For a long time I thought I was alone in my preference for talk over action. I’m pretty in love with conversation. The movies in which the romantic leads spend hours flirting and then arguing and then insinuating and then flirting and then arguing again — yeah, those drawn-out scenes you probably find infuriating? Those are my favorite. Talk, in my opinion, is the most seductive form of foreplay. It’s with our language that we all convey who we are and what we want, and it’s with language that we begin to get to know each other. Language is communication, and communication is connection, and connection is the only gateway to love.
But I’ll cut to the chase — I’m not alone in my obsession. “The erotics of talk” is a real, recognized wonder. For not the first and certainly not the last time, I’m going to harken back to the lessons I learned in film theory: Carla Kaplan, a film historian and an anthropologist, first originated the theory of talk as an inevitable desire — “the oldest human longing.” Furthermore she stresses the importance of personal speech and expression. “The strongest desire is the desire to tell one’s story,” she says. However, simply “telling one’s story” out into the abyss, leaving one’s words to reverberate off the empty chasms of the world, is not enough. We do not just want to speak. We want someone to speak back.
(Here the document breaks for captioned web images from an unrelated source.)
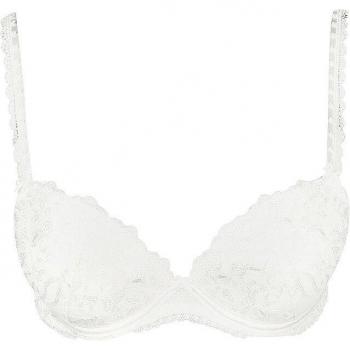 Aubade Opale Push-Up BH Creme 75D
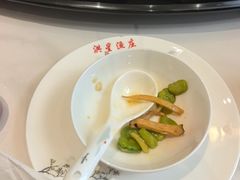 -洪星渔庄临平菜(星万里店)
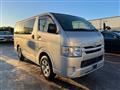 2017 Toyota Hiace Van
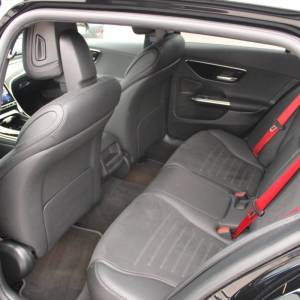 Mercedes-Benz klasa C C220d T AMG AUTOMATIK *KUKA, LED, KAMERA*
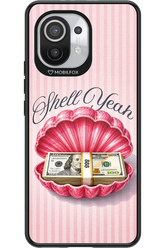 Shell Yeah 2.0 - Xiaomi Mi 11 5G
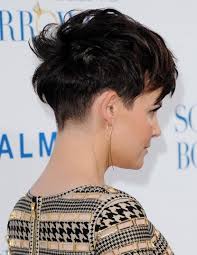 Makeup ideas, product reviews, and the latest celebrity trends—delivered straight to your inbox. 7 Ways To Style A Pixie Haircut As Modeled By Ginnifer Goodwin Glamour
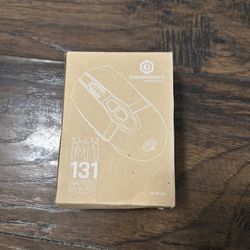 CyberPowerPC Elite M1 131 Gaming Mouse. 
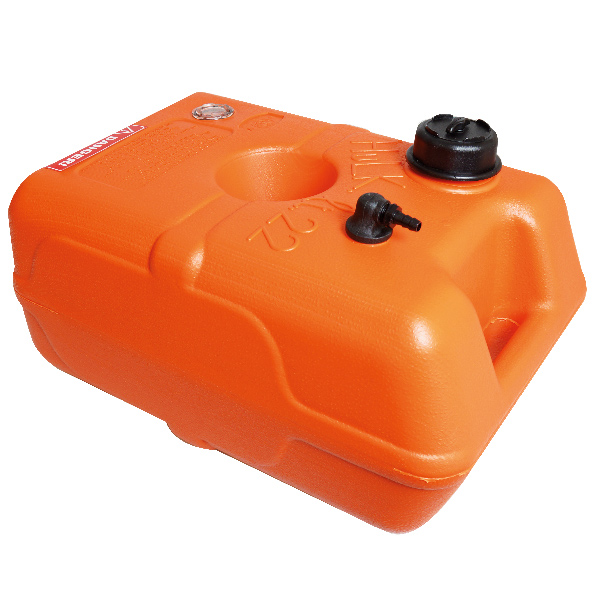 1530002_XL Nuova rade brændstof tank 22l - Billede 1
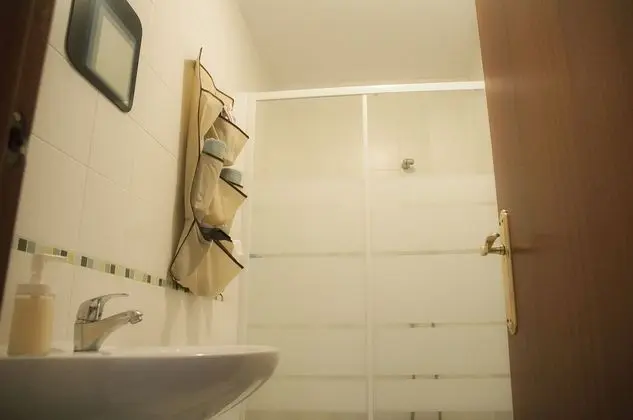 Stüdyo, Şehir Manzaralı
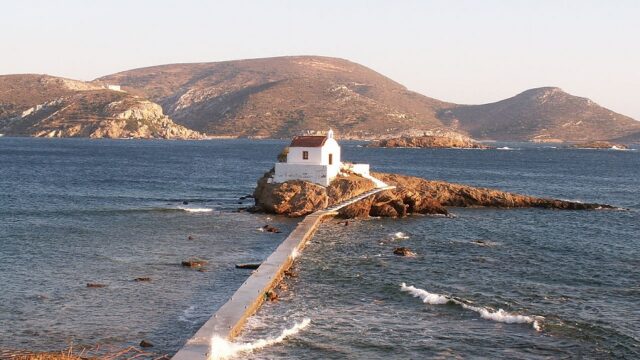 Το Forbes Τουρκίας αποθεώνει τη Λέρο: Ένα μικρό νησί με μεγάλο όραμα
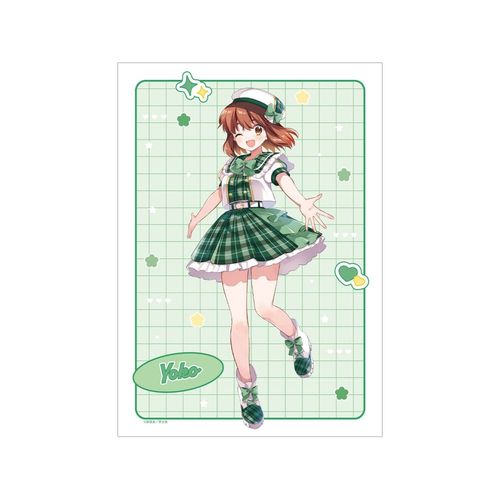 ���񂢂�ӻ޲� ���I�ߐ搶 �`�����낵 ���F�z�q ����ٕ��ߑ� Ver. A3 ϯĉ��H�߽�� 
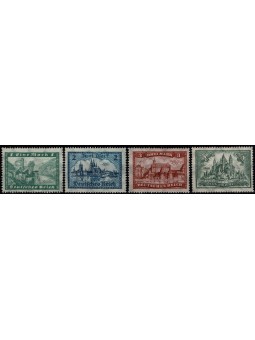 1924 / 1927 GERMANIA REICH...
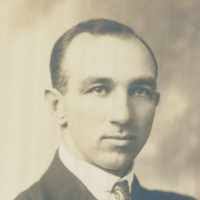 Christian William Scheffler (1895–1980)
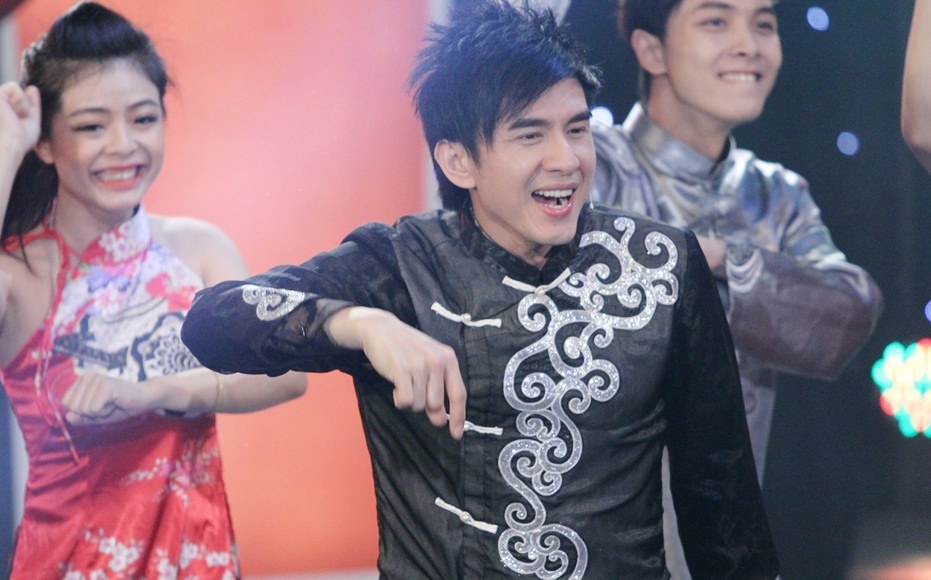 Dan Truong - Ngua o thuong nho hinh anh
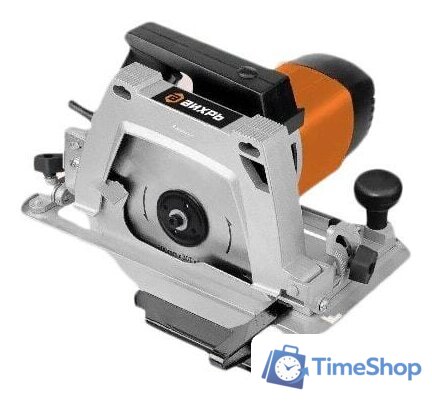 Дисковая (циркулярная) пила Вихрь ДП-200СТ - Изображение №1 — Интернет-магазин Time-Shop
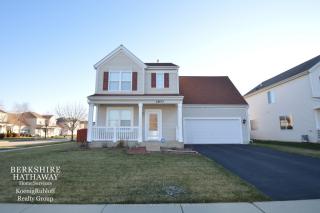 2400 Hanbury Ln, Boulder Hill, IL 60538-5049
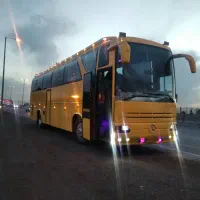 اتوبوس سفیر|خودرو سنگین|تهران, ترمینال غرب|دیوار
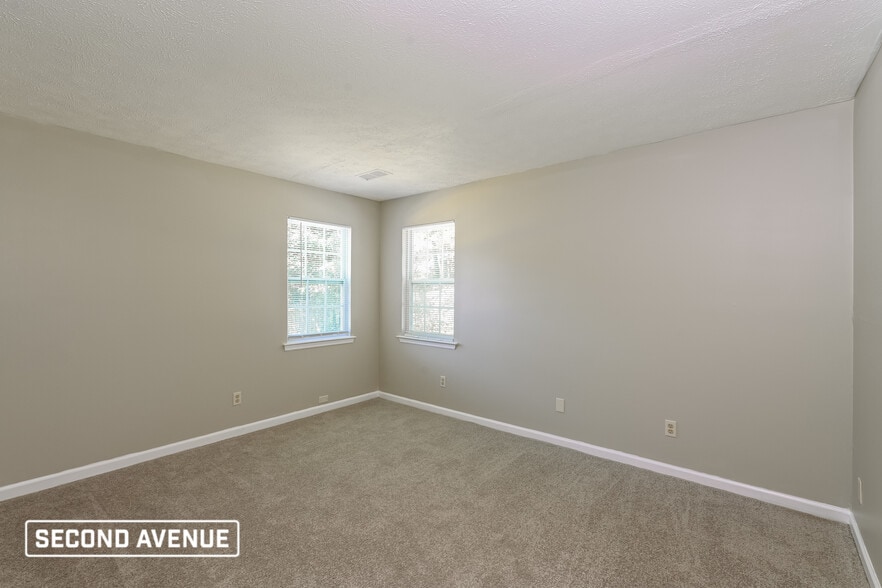 Building Photo - 4363 Fitzpatrick Way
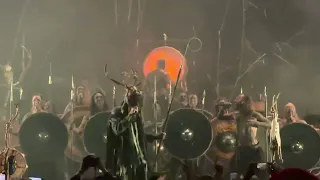 Heilung - Alfadhirhaiti & Asja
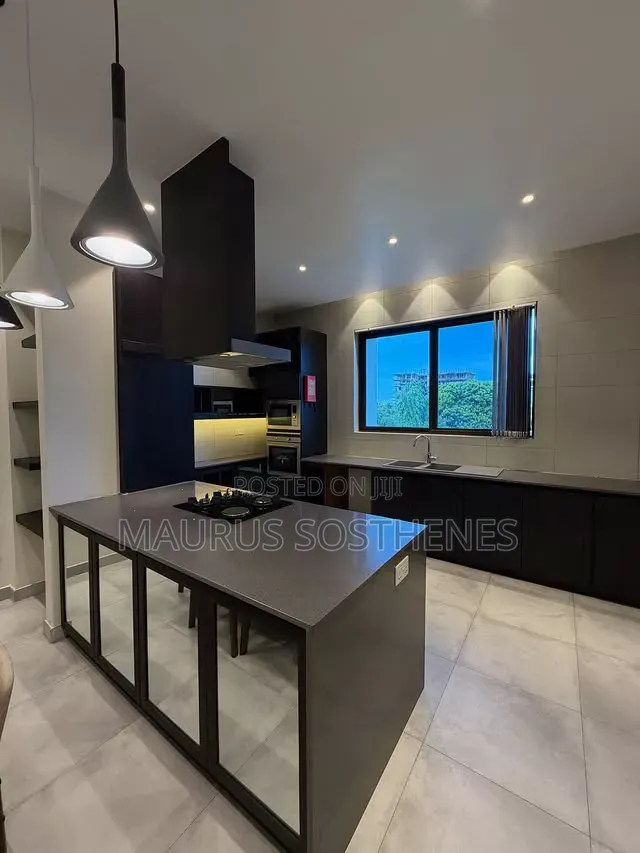 Furnished 2bdrm Apartment in Masaki for rent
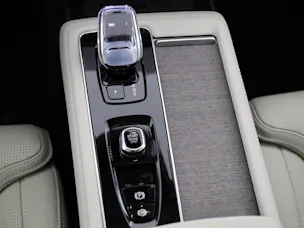 Volvo XC90 2.0 B5 MH Ultra Dark AWD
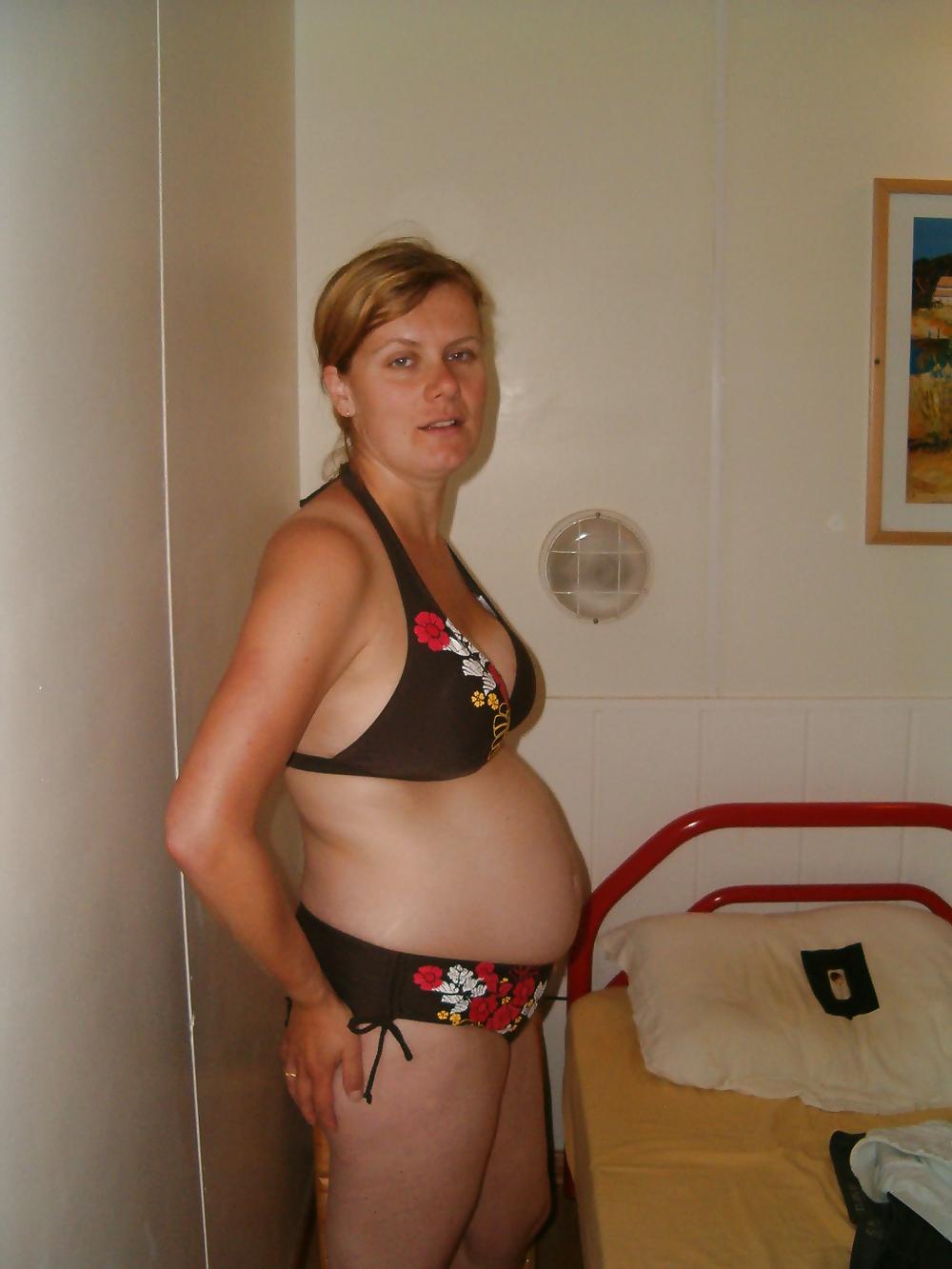 20P Wie würdest du diese Mutter ficken?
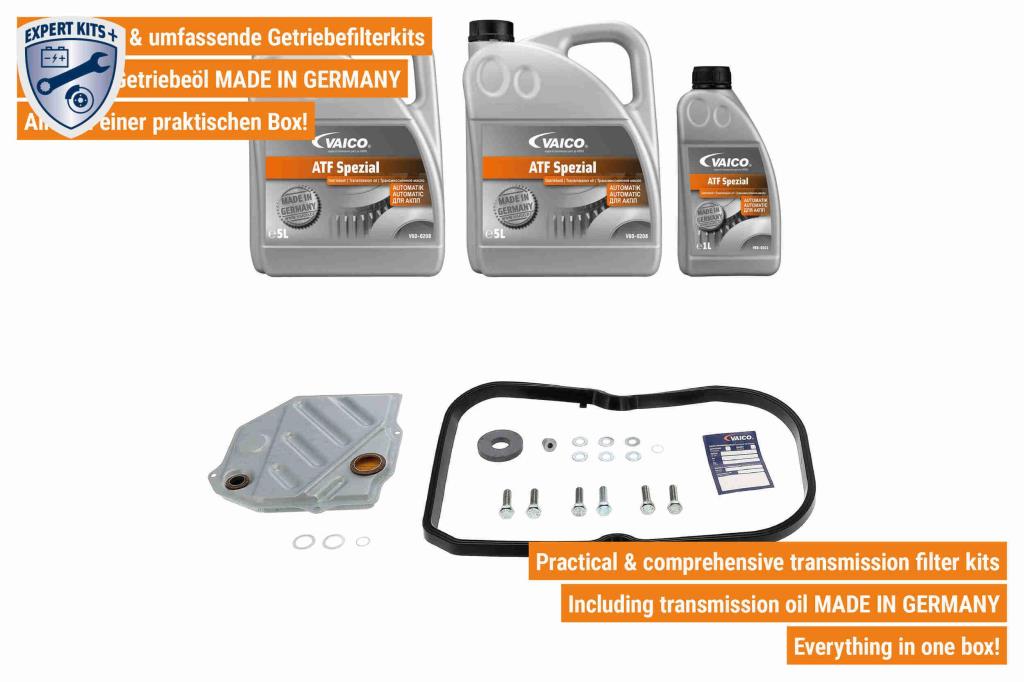 Kit de drenagem, caixa automática VAICO ref. V30-4755-XXL
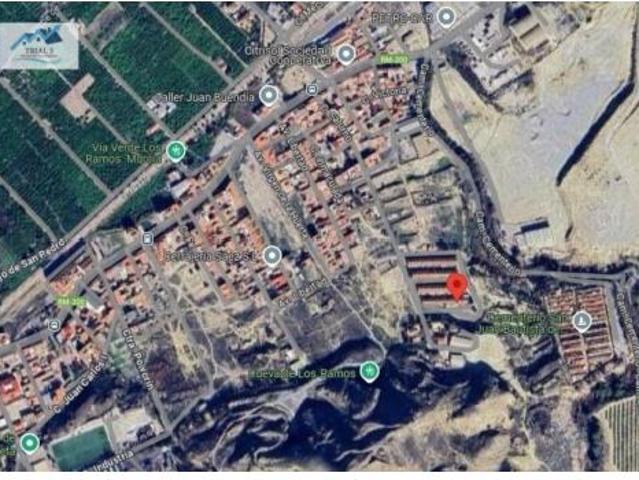 Chalet en venta en Los Ramos, Área Metropolitana de Murcia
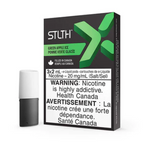 STLTH X Pod Packs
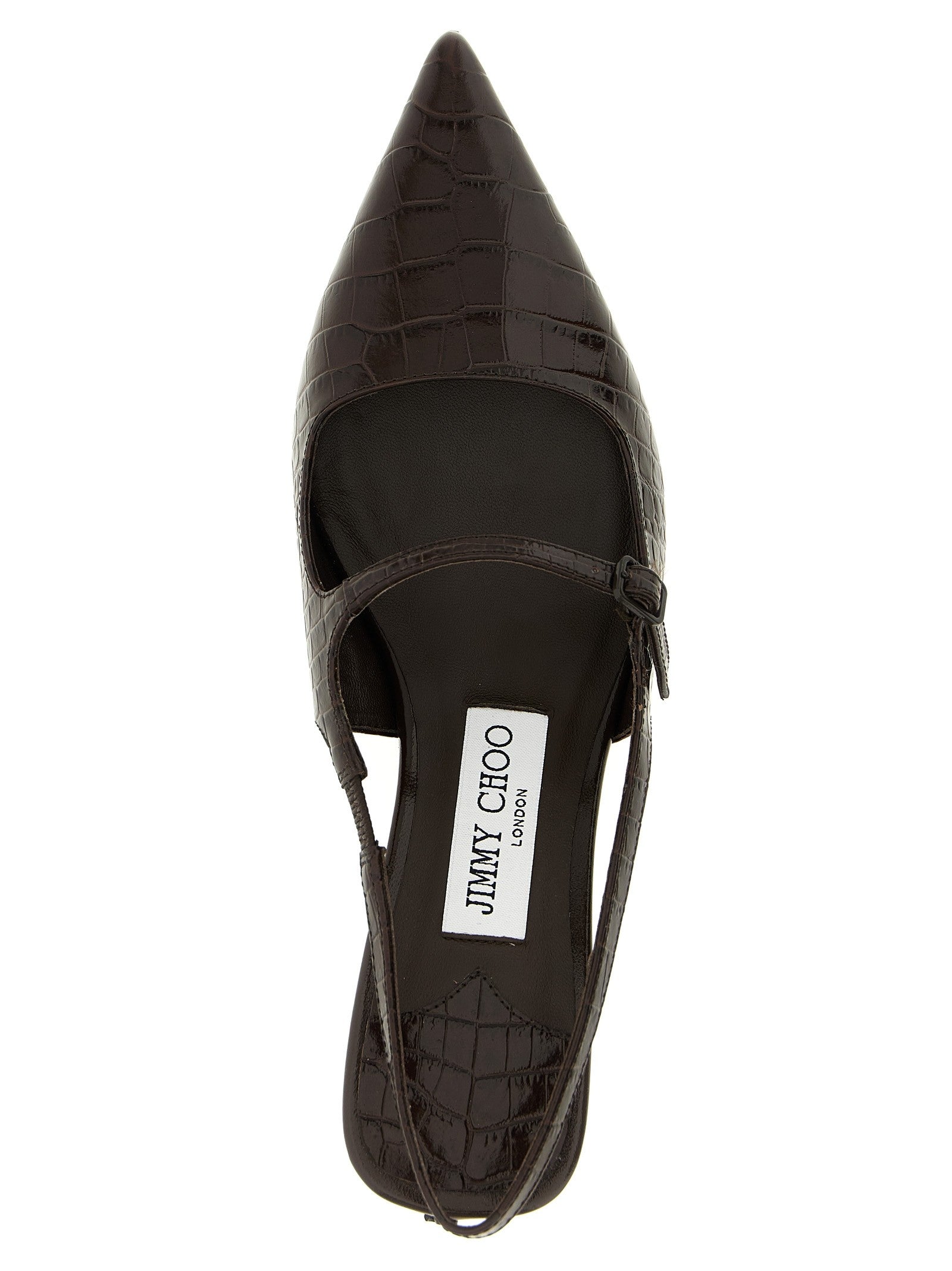Jimmy Choo - 'Didi' slingback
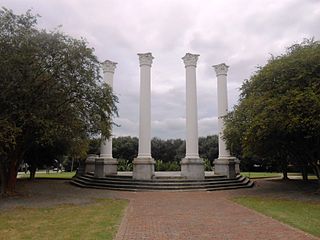 Cannon Park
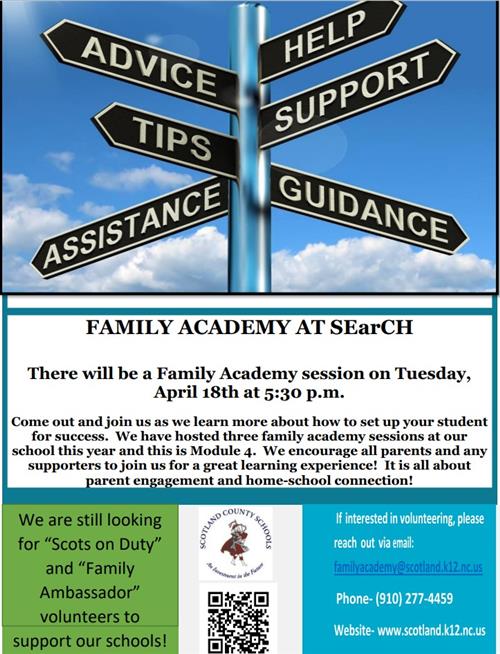 Family Academy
To illustrate this idea, I refer to one of my favorite stories: the trilogy of Richard Linklater romantic films entitled Before Sunrise, Before Sunset and Before Midnight. In my opinion these films comprise one of the greatest, most realistic portrayals of love. The three films follow their two leads for a period of 30 years, each film showing a point of their relationship, each a decade apart. In the end, this trilogy is at once mesmerizing and heartbreaking, beautiful and devastating. Yet despite the brutal realism of these films, the connection portrayed between the two protagonists — Céline and Jesse — is undeniable. It is an almost magical experience, watching the two interact, watching as they first meet each other with immediate attraction in the first film and watching as they learn each other’s quirks and eccentricities in the second film. Although the third film still saddens and angers me to this day, it is an important step in Céline and Jesse’s journey. These characters share an indisputable connection, and — going back to my original point — that connection develops because of and based upon talk.
In the first film, Before Sunrise, Céline and Jesse’s talk is, without a doubt, foreplay. Because when they meet, catching eyes across the aisle of a European train, they are total strangers. Neither one knows anything about the other. When Jesse sparks up conversation — and even more, when the two get off the train and spend a day wandering and chatting together — their connection begins. Undoubtedly Céline and Jesse would not have remained in each other’s company if it weren’t for strong, effective, enticing conversation. It is with conversation that they gain insight into each other’s souls; Céline tells Jesse about her relationship with her practical-minded parents (“I’d tell my dad I wanted to be a writer, and he’d say: journalist.”), and afterwards, Jesse tells Céline about a defining moment he remembers from his childhood, the first time he heard about death. This exchange of anecdotes allows the two not only to share their stories with an accepting ear, but also to listen to the stories of someone just as unique and intriguing.
To me, Céline and Jesse’s connection sparks upon this intrigue. This curiosity to learn more. With those illuminating tales of young wonder and inner rebellion, who wouldn’t be left with a hunger to delve even deeper? Each character sees something in the other that they like, and thus they willingly choose to spend an entire today exploring that interest even more. The day itself is an experiment in mutual discovery. They ask questions; they share life philosophies; they talk about break-ups and dreams and people and love and loss. It’s a day of utter openness but also utter attraction. Each probing, daring question that one asks the other, and each scandalous, intense detail that one chooses to share, implies the idea: “I like you. I’m open to you. I want you to know me. And I want to see the way you look at the world too; I think you’re someone worth getting to know.”
Carla Kaplan talks about the importance of “mutual recognition” in love. One can’t just talk, they have to be listened to. It’s about opening to someone and having them open to you, seeing and being seen. Céline and Jesse, to me (at least in the first two films), are the perfect, desired embodiment of this concept. They are open: They take risks with their comments and they are unafraid to share even the most intimate details of who they are and where they’ve come from. Like the Q&A game the two play as soon as they leave the train, they act reciprocally, constantly bouncing off each other, constantly one-upping each other, constantly meeting each other in the middle. And above all, through talk, they are happily and entirely connected.
I rest my case: Love is conversation.